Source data

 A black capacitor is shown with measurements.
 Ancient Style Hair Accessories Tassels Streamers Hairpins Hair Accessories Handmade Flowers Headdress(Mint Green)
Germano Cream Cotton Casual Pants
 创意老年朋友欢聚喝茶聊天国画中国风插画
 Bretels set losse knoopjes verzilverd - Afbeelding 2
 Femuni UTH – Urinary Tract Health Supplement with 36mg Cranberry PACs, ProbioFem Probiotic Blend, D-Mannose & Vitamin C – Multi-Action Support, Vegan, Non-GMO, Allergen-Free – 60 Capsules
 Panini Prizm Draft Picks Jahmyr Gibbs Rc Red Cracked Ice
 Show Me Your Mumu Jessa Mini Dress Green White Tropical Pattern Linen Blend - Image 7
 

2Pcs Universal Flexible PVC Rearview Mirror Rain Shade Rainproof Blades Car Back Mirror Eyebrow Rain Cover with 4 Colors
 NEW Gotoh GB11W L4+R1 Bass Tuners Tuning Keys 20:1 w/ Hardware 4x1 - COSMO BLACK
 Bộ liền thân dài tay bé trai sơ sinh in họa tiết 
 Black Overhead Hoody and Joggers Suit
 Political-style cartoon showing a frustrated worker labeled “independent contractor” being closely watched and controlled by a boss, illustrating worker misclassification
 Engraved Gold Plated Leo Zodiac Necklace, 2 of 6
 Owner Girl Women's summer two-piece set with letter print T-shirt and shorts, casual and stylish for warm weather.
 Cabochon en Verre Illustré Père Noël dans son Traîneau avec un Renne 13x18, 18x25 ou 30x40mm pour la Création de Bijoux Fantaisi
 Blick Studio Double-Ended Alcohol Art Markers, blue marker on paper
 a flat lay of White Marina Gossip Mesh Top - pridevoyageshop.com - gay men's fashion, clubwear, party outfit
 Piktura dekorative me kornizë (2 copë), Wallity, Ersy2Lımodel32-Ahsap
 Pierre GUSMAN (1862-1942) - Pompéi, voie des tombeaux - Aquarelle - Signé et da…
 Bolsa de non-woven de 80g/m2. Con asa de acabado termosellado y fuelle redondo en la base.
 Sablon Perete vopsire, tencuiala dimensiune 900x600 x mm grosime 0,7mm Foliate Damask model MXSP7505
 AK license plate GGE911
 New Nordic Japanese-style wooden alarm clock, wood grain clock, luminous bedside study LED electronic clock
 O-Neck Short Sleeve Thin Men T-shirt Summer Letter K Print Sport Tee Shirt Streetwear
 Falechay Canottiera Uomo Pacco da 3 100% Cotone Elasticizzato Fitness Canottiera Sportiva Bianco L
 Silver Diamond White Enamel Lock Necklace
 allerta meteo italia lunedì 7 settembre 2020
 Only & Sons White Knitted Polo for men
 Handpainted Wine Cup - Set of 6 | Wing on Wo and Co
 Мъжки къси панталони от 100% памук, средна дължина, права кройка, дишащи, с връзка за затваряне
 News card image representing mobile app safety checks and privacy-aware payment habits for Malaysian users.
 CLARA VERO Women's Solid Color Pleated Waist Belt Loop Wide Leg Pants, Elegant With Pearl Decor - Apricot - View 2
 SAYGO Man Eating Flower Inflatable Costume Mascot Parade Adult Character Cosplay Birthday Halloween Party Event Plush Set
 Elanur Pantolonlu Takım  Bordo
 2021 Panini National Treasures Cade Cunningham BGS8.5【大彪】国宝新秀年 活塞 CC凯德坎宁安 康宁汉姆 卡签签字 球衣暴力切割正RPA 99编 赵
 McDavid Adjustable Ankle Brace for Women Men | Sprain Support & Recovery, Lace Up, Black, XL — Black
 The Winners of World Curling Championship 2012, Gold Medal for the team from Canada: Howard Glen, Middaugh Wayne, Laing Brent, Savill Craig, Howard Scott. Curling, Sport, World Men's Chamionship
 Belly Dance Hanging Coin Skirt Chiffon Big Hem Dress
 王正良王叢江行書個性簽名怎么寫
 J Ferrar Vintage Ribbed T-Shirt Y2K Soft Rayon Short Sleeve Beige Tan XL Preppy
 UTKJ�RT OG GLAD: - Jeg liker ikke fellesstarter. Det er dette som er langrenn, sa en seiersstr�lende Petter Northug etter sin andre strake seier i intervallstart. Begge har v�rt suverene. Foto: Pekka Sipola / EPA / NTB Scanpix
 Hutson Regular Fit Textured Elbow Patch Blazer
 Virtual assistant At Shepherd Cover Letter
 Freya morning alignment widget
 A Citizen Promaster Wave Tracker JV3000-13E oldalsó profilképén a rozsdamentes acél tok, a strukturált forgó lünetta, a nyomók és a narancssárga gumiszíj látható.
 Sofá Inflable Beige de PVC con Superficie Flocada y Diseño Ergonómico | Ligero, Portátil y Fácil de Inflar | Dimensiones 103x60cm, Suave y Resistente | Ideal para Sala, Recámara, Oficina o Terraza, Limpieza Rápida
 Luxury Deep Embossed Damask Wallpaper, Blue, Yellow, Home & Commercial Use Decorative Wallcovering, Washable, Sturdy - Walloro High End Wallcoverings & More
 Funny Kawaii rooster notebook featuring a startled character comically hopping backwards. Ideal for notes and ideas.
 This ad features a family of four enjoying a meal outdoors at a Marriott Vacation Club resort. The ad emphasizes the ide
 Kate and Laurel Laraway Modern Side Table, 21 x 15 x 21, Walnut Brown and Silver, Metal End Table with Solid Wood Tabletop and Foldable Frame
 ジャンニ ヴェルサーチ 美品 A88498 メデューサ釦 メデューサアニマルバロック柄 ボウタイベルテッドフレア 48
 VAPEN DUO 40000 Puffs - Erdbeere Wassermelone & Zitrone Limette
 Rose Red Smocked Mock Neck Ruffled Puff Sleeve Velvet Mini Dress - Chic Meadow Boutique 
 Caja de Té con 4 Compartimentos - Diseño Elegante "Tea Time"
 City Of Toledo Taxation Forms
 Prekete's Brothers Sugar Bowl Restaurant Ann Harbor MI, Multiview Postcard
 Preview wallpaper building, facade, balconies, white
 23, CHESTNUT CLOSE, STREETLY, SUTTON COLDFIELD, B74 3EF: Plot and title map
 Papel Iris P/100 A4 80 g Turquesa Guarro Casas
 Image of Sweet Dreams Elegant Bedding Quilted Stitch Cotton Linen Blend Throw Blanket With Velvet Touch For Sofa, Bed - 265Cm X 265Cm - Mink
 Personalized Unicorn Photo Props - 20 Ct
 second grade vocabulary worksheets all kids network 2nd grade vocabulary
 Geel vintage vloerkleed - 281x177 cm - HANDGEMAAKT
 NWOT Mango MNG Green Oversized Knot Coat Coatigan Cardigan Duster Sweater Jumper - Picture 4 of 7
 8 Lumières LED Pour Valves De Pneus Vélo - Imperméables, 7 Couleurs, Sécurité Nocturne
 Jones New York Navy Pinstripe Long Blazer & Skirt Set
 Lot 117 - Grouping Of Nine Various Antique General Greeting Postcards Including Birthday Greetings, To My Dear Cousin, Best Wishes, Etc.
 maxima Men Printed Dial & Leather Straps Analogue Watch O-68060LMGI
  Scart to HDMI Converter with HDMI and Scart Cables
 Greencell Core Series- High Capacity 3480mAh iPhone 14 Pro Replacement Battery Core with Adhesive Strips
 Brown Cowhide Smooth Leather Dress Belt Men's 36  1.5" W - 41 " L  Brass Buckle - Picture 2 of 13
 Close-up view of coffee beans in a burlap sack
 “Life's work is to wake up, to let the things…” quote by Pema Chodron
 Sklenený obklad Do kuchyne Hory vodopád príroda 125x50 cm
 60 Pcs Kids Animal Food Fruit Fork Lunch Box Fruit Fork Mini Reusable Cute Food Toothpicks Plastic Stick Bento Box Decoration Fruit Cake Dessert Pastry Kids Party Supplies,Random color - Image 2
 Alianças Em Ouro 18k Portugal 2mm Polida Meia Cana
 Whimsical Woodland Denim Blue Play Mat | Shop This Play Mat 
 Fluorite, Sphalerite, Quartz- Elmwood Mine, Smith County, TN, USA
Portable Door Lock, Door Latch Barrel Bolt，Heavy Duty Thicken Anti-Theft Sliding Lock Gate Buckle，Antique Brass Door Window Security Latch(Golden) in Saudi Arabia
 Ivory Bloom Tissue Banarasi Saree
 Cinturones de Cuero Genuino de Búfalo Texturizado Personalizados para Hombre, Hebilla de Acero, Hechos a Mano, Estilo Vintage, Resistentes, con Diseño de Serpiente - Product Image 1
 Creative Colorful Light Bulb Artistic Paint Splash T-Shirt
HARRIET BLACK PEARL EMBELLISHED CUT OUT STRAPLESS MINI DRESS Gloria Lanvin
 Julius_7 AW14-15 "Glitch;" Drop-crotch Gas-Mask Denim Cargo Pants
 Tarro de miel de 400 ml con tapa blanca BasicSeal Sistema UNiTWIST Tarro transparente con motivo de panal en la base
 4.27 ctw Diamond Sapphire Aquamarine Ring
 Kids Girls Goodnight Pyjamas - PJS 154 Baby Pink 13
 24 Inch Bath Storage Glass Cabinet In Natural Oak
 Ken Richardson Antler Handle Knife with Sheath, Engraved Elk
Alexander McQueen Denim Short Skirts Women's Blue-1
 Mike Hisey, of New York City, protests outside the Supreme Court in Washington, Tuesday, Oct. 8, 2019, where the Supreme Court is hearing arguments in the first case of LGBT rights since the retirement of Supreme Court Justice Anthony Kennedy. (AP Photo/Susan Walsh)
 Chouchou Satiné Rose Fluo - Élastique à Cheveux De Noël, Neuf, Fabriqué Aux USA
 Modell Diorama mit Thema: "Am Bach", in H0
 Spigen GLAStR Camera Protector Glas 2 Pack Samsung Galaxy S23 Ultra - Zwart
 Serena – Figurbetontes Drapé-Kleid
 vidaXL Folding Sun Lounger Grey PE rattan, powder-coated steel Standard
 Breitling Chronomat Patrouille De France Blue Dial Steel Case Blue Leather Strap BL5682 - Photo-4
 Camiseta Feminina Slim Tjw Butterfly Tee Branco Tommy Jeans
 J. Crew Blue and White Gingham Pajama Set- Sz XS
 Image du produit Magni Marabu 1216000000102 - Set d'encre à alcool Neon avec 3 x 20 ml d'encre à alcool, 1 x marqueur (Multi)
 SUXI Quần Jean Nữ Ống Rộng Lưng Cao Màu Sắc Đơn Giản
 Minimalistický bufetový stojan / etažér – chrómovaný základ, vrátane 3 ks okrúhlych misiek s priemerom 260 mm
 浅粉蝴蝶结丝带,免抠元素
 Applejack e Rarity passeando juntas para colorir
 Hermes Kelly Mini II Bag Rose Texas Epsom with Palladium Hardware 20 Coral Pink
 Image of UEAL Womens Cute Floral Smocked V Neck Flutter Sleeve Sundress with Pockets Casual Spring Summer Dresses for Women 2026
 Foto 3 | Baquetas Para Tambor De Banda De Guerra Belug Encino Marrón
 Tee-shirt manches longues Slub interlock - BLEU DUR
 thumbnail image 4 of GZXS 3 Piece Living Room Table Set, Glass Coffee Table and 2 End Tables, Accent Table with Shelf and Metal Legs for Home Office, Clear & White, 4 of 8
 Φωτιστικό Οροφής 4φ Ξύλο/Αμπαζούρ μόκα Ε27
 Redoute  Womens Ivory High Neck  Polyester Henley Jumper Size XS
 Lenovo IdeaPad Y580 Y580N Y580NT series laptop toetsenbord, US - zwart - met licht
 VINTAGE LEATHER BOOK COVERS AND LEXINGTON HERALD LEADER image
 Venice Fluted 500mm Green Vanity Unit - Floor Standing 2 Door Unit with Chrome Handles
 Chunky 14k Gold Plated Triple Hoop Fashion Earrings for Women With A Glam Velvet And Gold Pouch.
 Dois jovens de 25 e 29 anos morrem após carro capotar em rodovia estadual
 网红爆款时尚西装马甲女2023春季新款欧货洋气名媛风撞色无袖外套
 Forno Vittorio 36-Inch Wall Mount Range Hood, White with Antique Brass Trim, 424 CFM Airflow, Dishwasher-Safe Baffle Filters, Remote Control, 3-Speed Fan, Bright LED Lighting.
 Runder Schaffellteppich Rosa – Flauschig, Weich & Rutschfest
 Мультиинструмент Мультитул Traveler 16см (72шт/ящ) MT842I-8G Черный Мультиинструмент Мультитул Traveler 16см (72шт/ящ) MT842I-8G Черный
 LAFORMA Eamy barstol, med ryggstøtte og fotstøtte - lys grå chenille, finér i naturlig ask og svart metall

*Assignment*: Reproduce the entries exactly, but only from their first line to the line holding "Black Overhead Hoody and Joggers Suit", with that last line kept.

*Response to the task*:
 A black capacitor is shown with measurements.
 Ancient Style Hair Accessories Tassels Streamers Hairpins Hair Accessories Handmade Flowers Headdress(Mint Green)
Germano Cream Cotton Casual Pants
 创意老年朋友欢聚喝茶聊天国画中国风插画
 Bretels set losse knoopjes verzilverd - Afbeelding 2
 Femuni UTH – Urinary Tract Health Supplement with 36mg Cranberry PACs, ProbioFem Probiotic Blend, D-Mannose & Vitamin C – Multi-Action Support, Vegan, Non-GMO, Allergen-Free – 60 Capsules
 Panini Prizm Draft Picks Jahmyr Gibbs Rc Red Cracked Ice
 Show Me Your Mumu Jessa Mini Dress Green White Tropical Pattern Linen Blend - Image 7
 

2Pcs Universal Flexible PVC Rearview Mirror Rain Shade Rainproof Blades Car Back Mirror Eyebrow Rain Cover with 4 Colors
 NEW Gotoh GB11W L4+R1 Bass Tuners Tuning Keys 20:1 w/ Hardware 4x1 - COSMO BLACK
 Bộ liền thân dài tay bé trai sơ sinh in họa tiết 
 Black Overhead Hoody and Joggers Suit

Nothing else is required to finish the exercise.